Historic eel fishing by wooden hook
near
the mouth of the Klamath. Photo by Irenia Quitquit.
Sylvia's dad -- Eugene Coleman, a Karuk
from Orleans -- uses traditional eel baskets to gather eels in deep
holes in the upper Klamath River. Her boyfriend, she said, uses hooks
to snag the critters and then throws them up on land to a partner to
bag in a gunny sack.
"He carves his hooks out of wood
that he decorates with Indian designs," she said.

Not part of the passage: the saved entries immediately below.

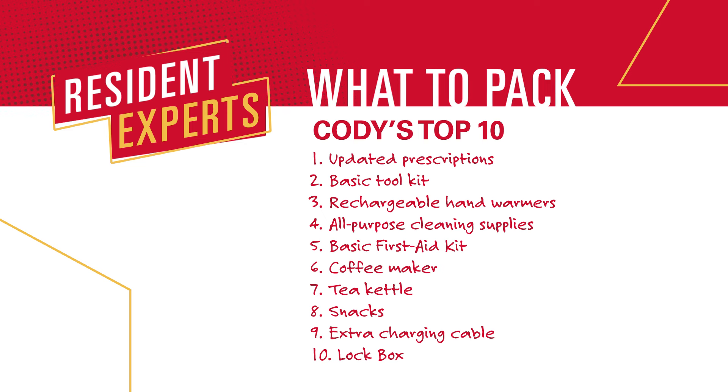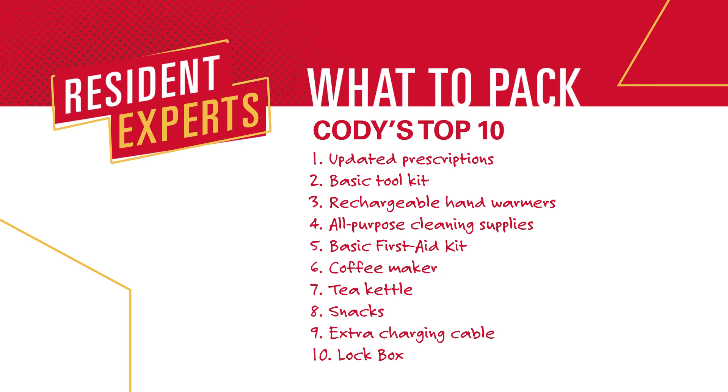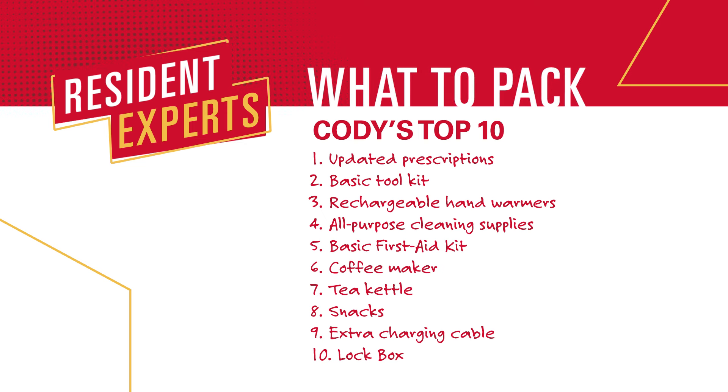Those are all really good — I had a few of them but not all. My list, in no particular order: updated prescriptions for medication, a basic tool kit because you never know when you'll need a screwdriver until you need it, rechargeable hand warmers, all-purpose cleaners, a basic first aid kit, a coffee maker or kettle if you like tea, snacks, an extra charging cable because one inevitably breaks, and a lock box for things like your social security card or anything you want to keep secure.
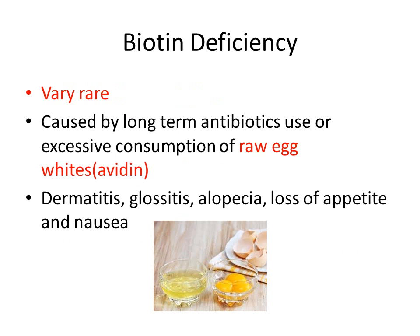Biotin deficiency is very rare and can be caused by long-term antibiotic use or excessive consumption of raw egg whites, which contain avidin that binds biotin and prevents its absorption. Symptoms include dermatitis, glossitis, alopecia, loss of appetite, and nausea.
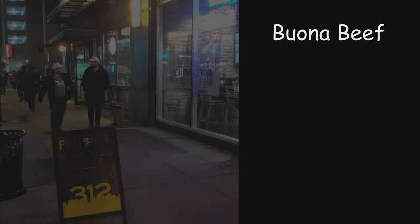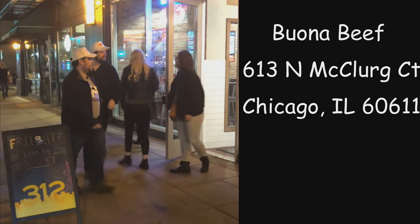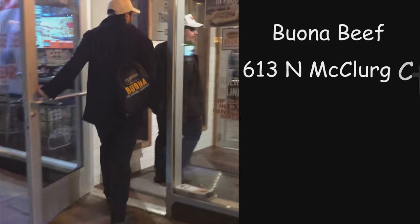This is John and this is Drake. We are here at the brand new, just-opened Buona Beef in Streeterville. It's Saturday, November 4th — the grand opening of the location — but we are here at a very special event with Buona to try out some of their food a little bit early. That location, just if you're wondering, is 613 North McClurg Court in Chicago, Illinois, right down the street from Navy Pier.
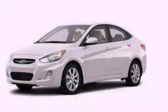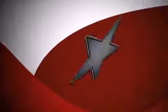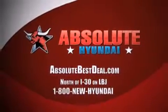Contact us today and schedule your opportunity to see this automobile in person. All new Hyundais come with America's best 10-year, 100,000-mile warranty. Absolute Hyundai, north of I-30 on LBJ in Mesquite.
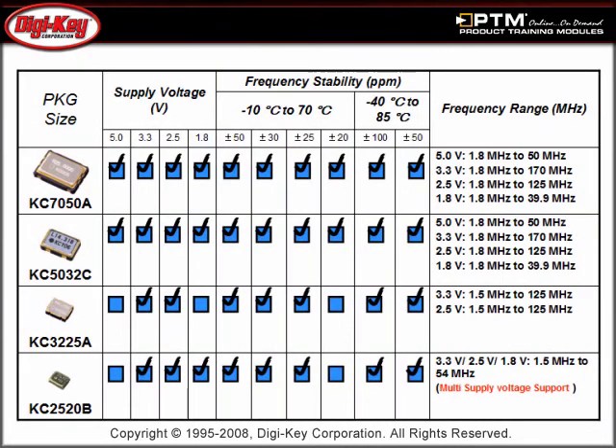Finally, useful information is provided explaining the part numbering system, and a table is presented showing supply voltage and stability availability by series.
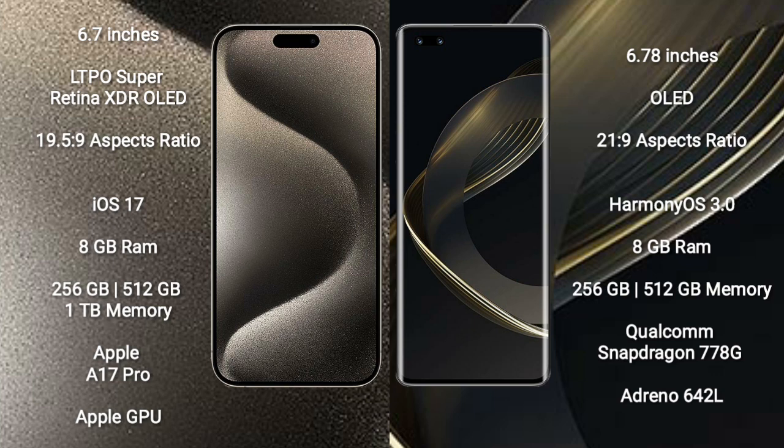iPhone 15 Pro Max comes with 8GB RAM and 256GB, 512GB, or 1TB internal storage options. It is powered by the Apple A17 Pro processor with Apple GPU graphics.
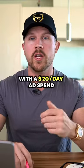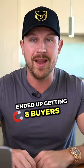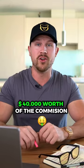I ran that ad for two days with a $20 per day ad spend and ended up getting eight buyers, which resulted in $40,000 worth of commission.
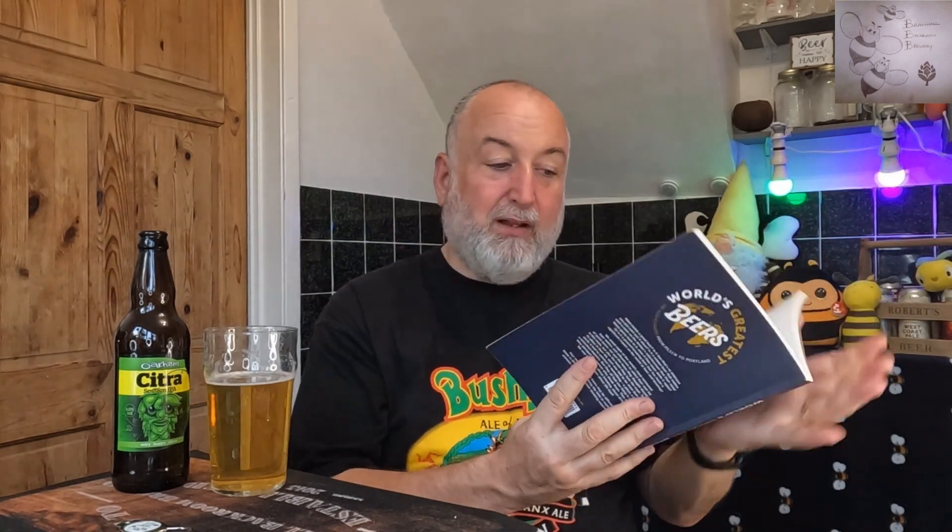The World's Greatest Beers book also mentions Citra. It says: 'In the constant noise of the new, it's important to remember the originals.' Nowadays Citra is one of the most commonly used hops in craft beer — brewers, beer geeks, and even casual drinkers are familiar with its name and the fruity, floral notes it contributes. But just a few short decades ago it didn't even exist.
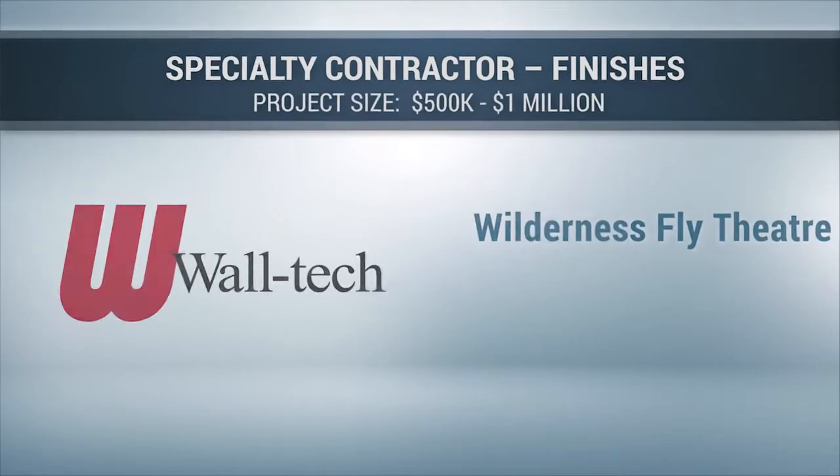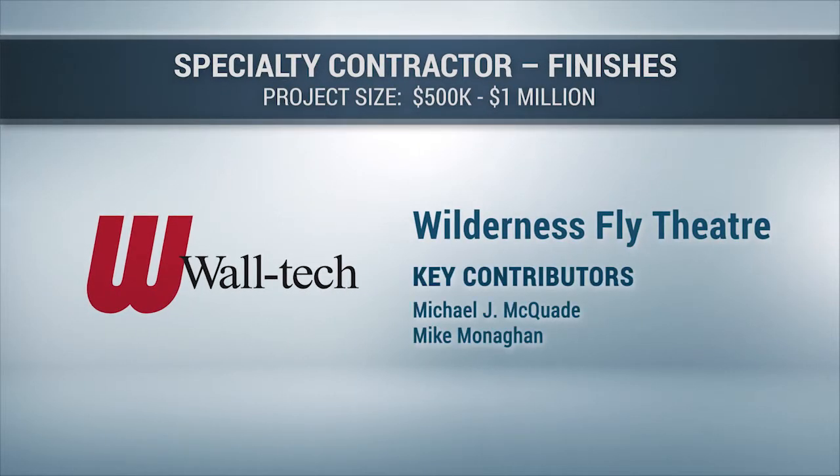Waltec would like to thank the Wilderness Resort, along with its partner contractors, project team, and skilled craft workers for making this project a success.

Claire Reynolds, director of community
outreach for KEET-TV, said beginning Sunday, Nov. 19, the station will
begin airing a new five-part series called "Seasoned with
Spirit."
"It's a culinary celebration of
America's bounty combining Native American history and culture with
delicious, healthy recipes inspired by indigenous foods," she
said. The series -- hosted by Barrett Oden, a renowned Native American
chef, food historian and lecturer from the Potawatomi Nation -- has
one episode that I'll be sure to watch, Nov. 26 at 7:30 and 11:30
p.m., titled "Bounty of the River's Edge," featuring the
Yurok tribe.
The menu for the show includes "alderwood
smoked salmon, dried sirfish and eels, along with an amazing sturgeon
egg (caviar) bread."
Yum.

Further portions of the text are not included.